General Manager Dorothy Munao said the company no longer grows any of the pickles, but they are trucked in from growers in the region, including Michigan, Wisconsin and Ohio.

Two-hundred semitrucks arrived in the Flamm tank yard this year – the last one arriving Sept. 17.

The 225-tank yard is a sight – and smell – to behold. Each tank is sunk 12 feet into the ground, and holds 1,000 bushels, or 50,000 pounds, of pickles. The pickles are put in salt water, which starts the 6-week fermentation process.

The tanks create a foam, like a mug of beer, as the pickles become part of a lactic acid dance where good bacteria eventually flourishes and gives the pickles their distinctive taste. The aroma in the tank yard is a salty, briny, not unpleasant reminder that food is being prepared.

Once fermentation is complete, the pickles are rinsed free of their salt bath in 100-year-old giant cypress water vats, pass visual inspection, and then file through a cutting machine with blades that cut the pickles into tiny cubes. After a big squeeze to remove excess water, and a pass through a metal detector, it’s on to the flavor department.

The mixing team takes over, adding spices, sweeteners and vinegars according to the customers’ specifications.

“We have about 50 formulas, and each of our relishes is designed to go into salad dressing, primarily tartar sauce and Thousand Island dressing,” Munao said.

Some staffers have been on board for nearly 25 years, so they have “trained tongues” that are able to taste and decipher flavors and spices.

Fiber drums holding 500 pounds each of shelf stable relish are stored on pallets in the ambient warehouse awaiting shipment, typically within two weeks.

Munao said the business has grown over the last 10 years, and the volume through the facility has almost doubled. Production doesn’t stop after the growing season either. It remains consistent year-round.

Munao joined the company while Seymour was still at the helm.

“I came from large corporations that had big engineering departments that came up with production lines,” she said. “And I came here and you had Seymour and Harriet and a couple people that worked for them, and they designed this process that is straightforward and easy. They made most of the equipment themselves. How did they do it all? I’m amazed.”

The end product, as well as its preparation, must meet strict company guidelines and policies, and also those of several food inspection agencies that perform routine audits.

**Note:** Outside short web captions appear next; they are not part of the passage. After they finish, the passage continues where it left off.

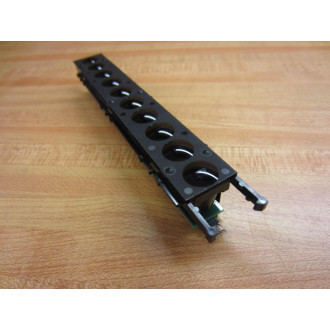 118907 Light Curtain PC Bd wEmitter Top 118907A - Used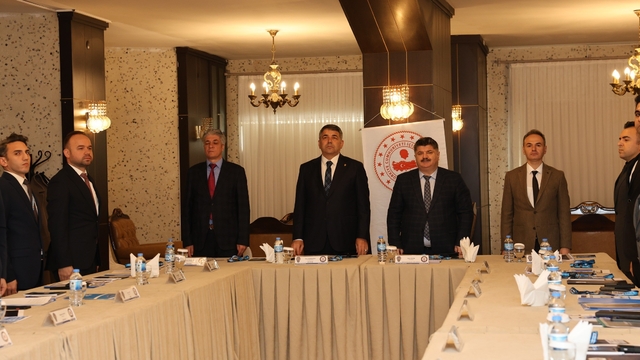 Erzurum'da siber suçlar zirvesi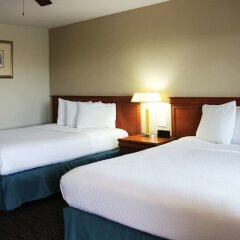 Rodeway Inn Near University-Gateway to Yosemite in Merced, United States of America from 92$, photos, reviews - zenhotels.com guestroom photo 2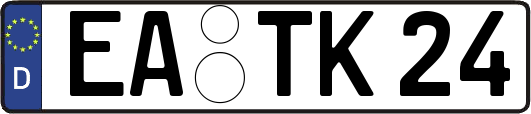 EA-TK24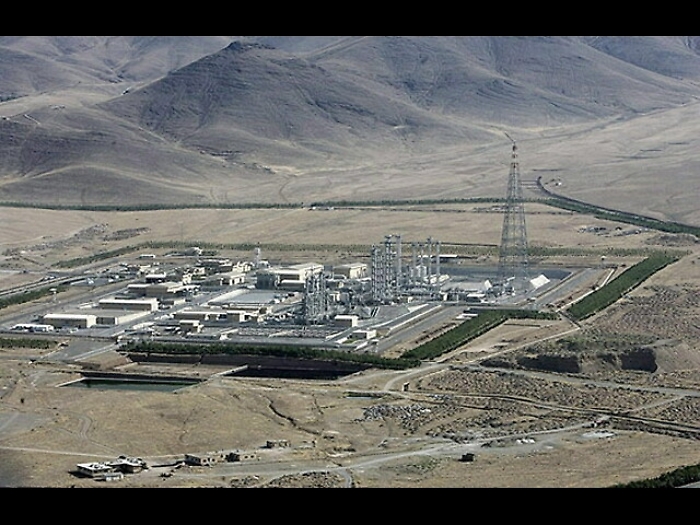 Iran: nucleare,attivato secondo circuito
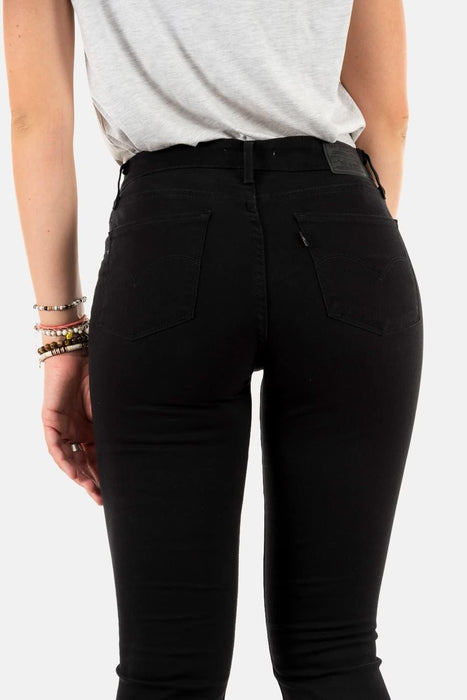 Levi's Women's 725 High Rise Bootcut Bootcut Jeans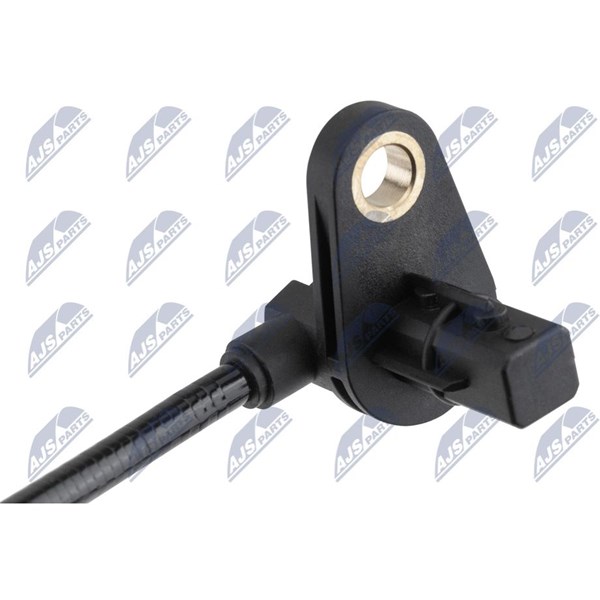 ABS-givare, Sensor, hjulvarvtal, framaxel vänster Nty HCA-KA-362 NTY ABS-givare, Sensor, hjulvarvtal, framaxel vänster Nty HCA-KA-362 NTY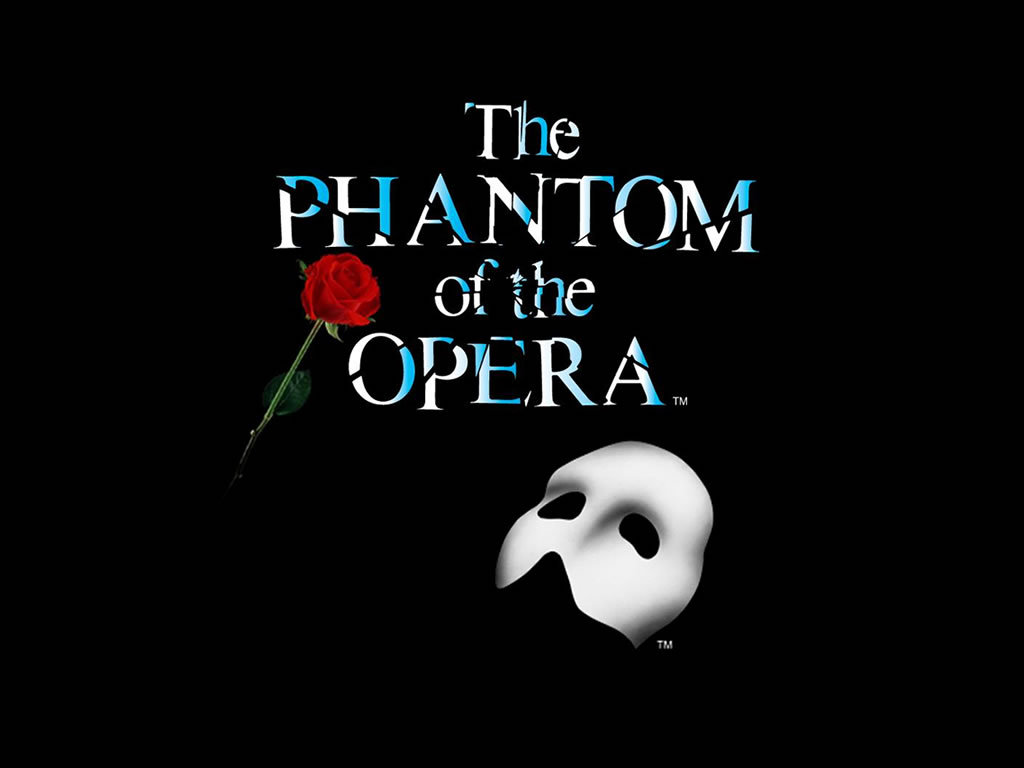 Musical Experience: Phantom of the Opera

A small, stable, dedicated workforce of 20 people – with one or two additional seasonal workers – produces a food that is eaten by thousands of people each day.

“If you walk down the dressing aisle of a grocery store,” Munao said, “other than one or two that are not ours, everybody else is purchasing their relish for their product from us.

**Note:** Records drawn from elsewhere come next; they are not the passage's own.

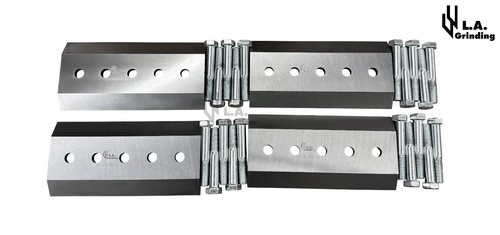 Vermeer chipper knife kit fits - chipper,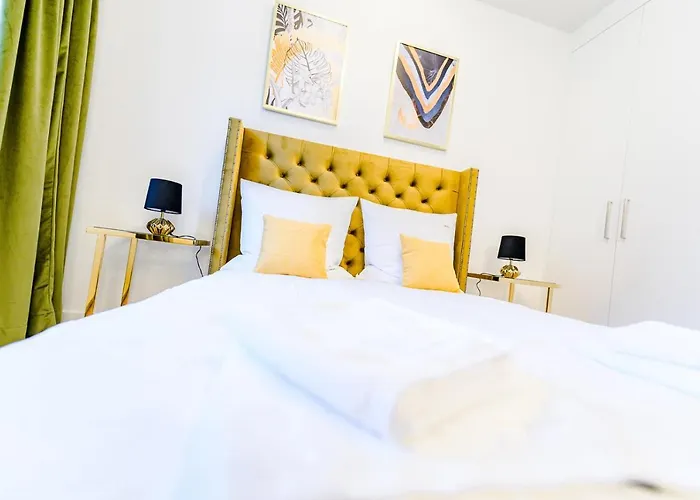 Aboutartapartments - Mlyn Maria Apartmán *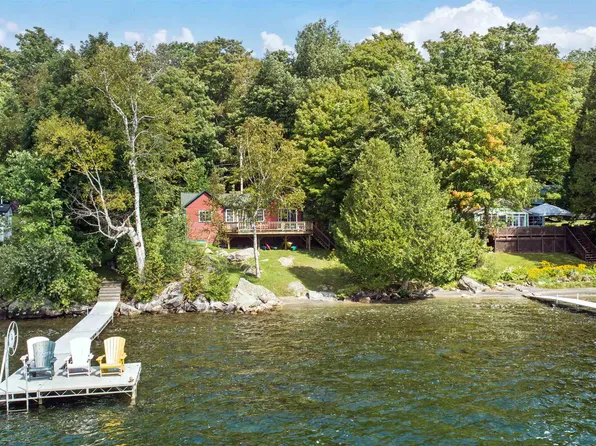 153 Miles Road, Morgan, VT 05853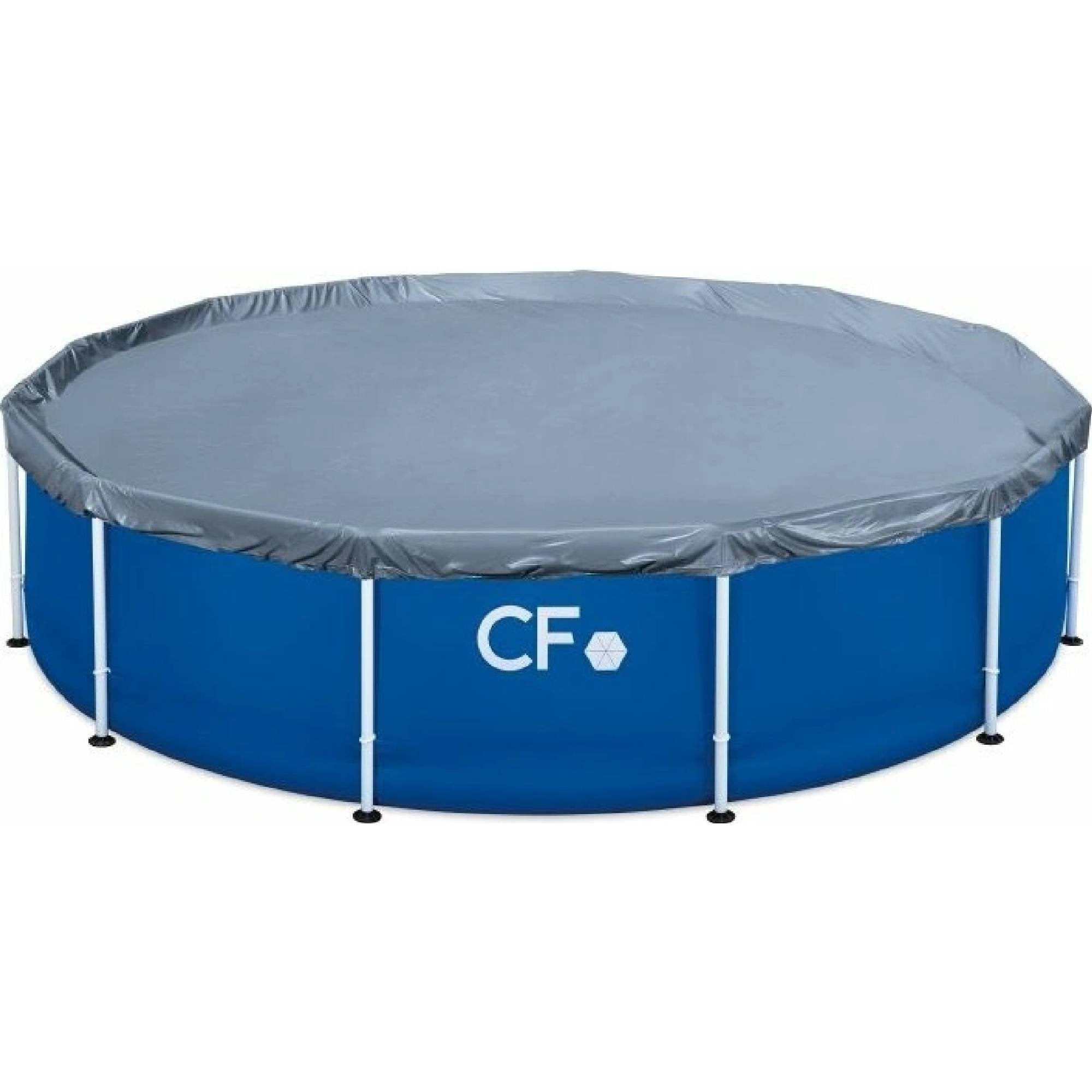 CF Kryt bazéna FRAME 3,66 m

“We are proud of the fact that Gina has maintained her father’s and grandfather’s legacy,” she said, “and that although Flamm’s Pickles is not known to most people in the community, it is a respected and reliable supplier of pickle relish in the salad dressing and sauce industry. We are extremely proud that the majority of national salad dressings contain our pickle relish that is made right here in Eau Claire. We are lucky to have a dedicated team that works together to make the finest pickle relish.”

Pickles are processed into relish Friday at Flamm Pickle and Packing Co. in Eau Claire.